Explaining that Google's algorithms return search results taking into account multiple factors like a users' geographical locations and search histories, Google spokesperson Riva Sciuto said, "Search is not used to set a political agenda and we don't bias our results toward any political ideology."
Google has faced investigations in the past
Here, it's worth noting that Google's search results algorithm has always been shrouded in secrecy, and Google has, in fact, faced investigations in the past for allegedly promoting its own products and services in search results.
Additionally, Google itself hasn't always been ethically upright, considering that it is reportedly mulling releasing a censored search engine in China that will incorporate stringent Chinese censorship rules.
High-profile faux pas have also fueled suspicions among conservatives
Suspicions of censorship among conservatives have also been fuelled by high-profile faux pas by tech companies in the past.
In 2016, the Presidential Election year, anonymous Facebook employees had alleged that Facebook was censoring conservative views in favour of liberal or left-leaning views for its "trending" news section.
Trump has also, of late, levelled accusations against Twitter for "shadow banning" Tweets from conservatives.
Are the attacks on tech companies politically motivated?

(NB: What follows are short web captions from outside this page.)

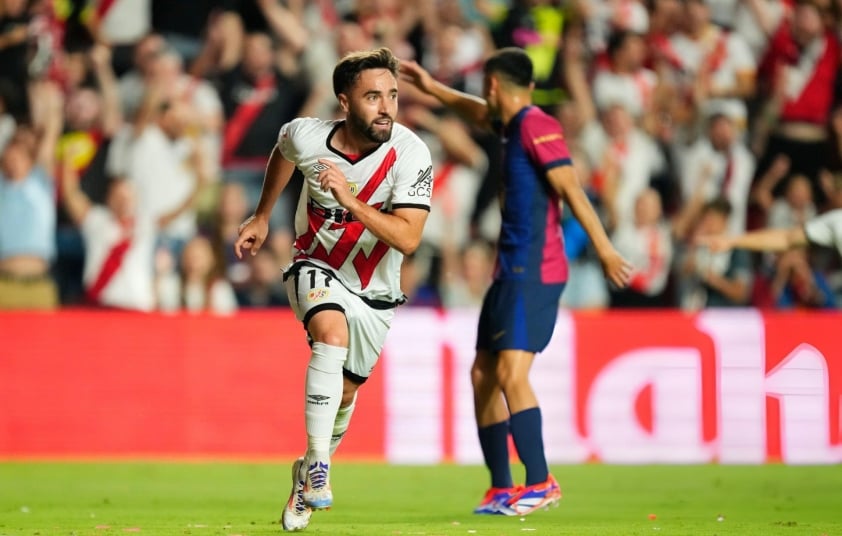 Barcelona thể hiện sức mạnh với chiến thắng lội ngược dòng trước Rayo Vallecano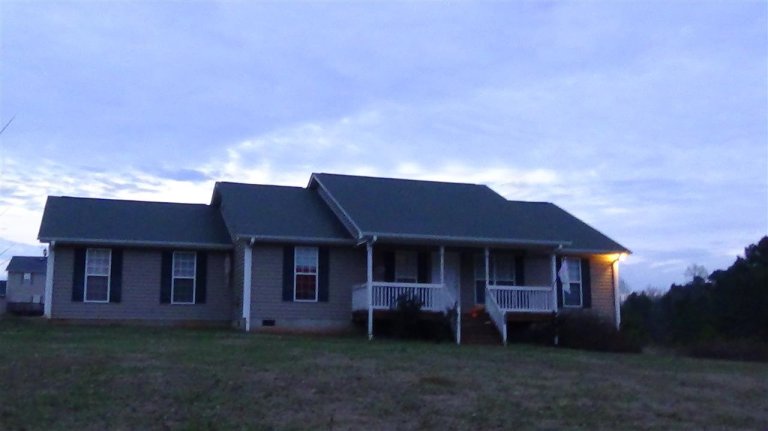 402 Green View Court sold home in Eleven South, Westminster, SC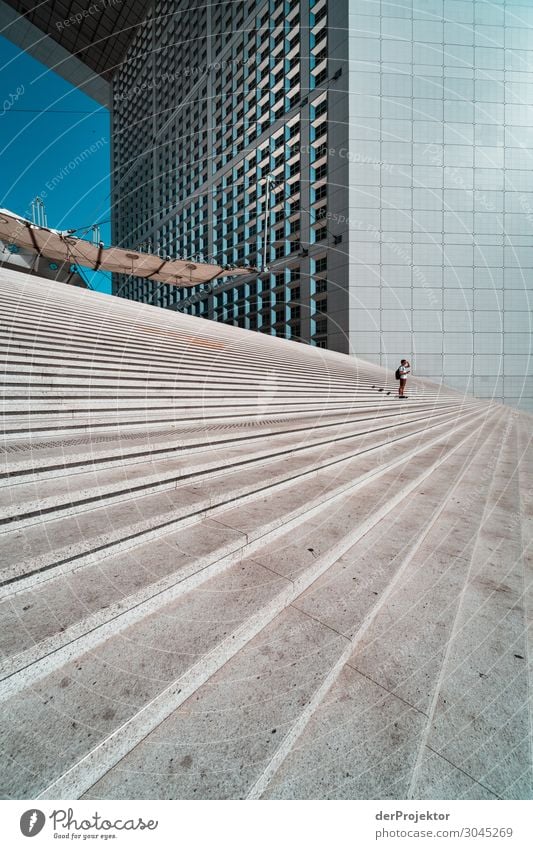 Treppen auf dem Platz de la defense Ferien & Urlaub & Reisen Tourismus Ausflug Abenteuer Freiheit Sightseeing Städtereise Hauptstadt Hochhaus Bauwerk Gebäude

Yet, all's not black and white, and questions about political motives need to raised too.
Trump's attack on social media and tech companies have intensified over the past few months, with the 2018 mid-term elections drawing near.
Reportedly, the Trump campaign has cited these attacks on supposedly biased tech companies in a bid to garner donations from conservative voters who already suspect foul play.
Can Google search results be regulated? It's debatable
So, can the Trump administration regulate Google's search results? Well, it's debatable.
According to both Democrat and Republican lawmakers, regulating Google's search results would violate the US Constitution's First Amendment that protects free speech.
Notably, federal courts had earlier ruled online search results to be protected speech as they resembled editorial content produced by more traditional sources of information.
Tech companies are increasingly navigating tricky territory
Regardless of the threat of regulation, what Trump's allegations point towards is the tricky political terrain that Google, and other US tech companies currently have to navigate.
While there's a demand on tech companies to moderate content to remove hate speech, prevent online harassment, and promote civil and political discourse, these decisions aren't always straightforward, and removal of content can often lead to controversy.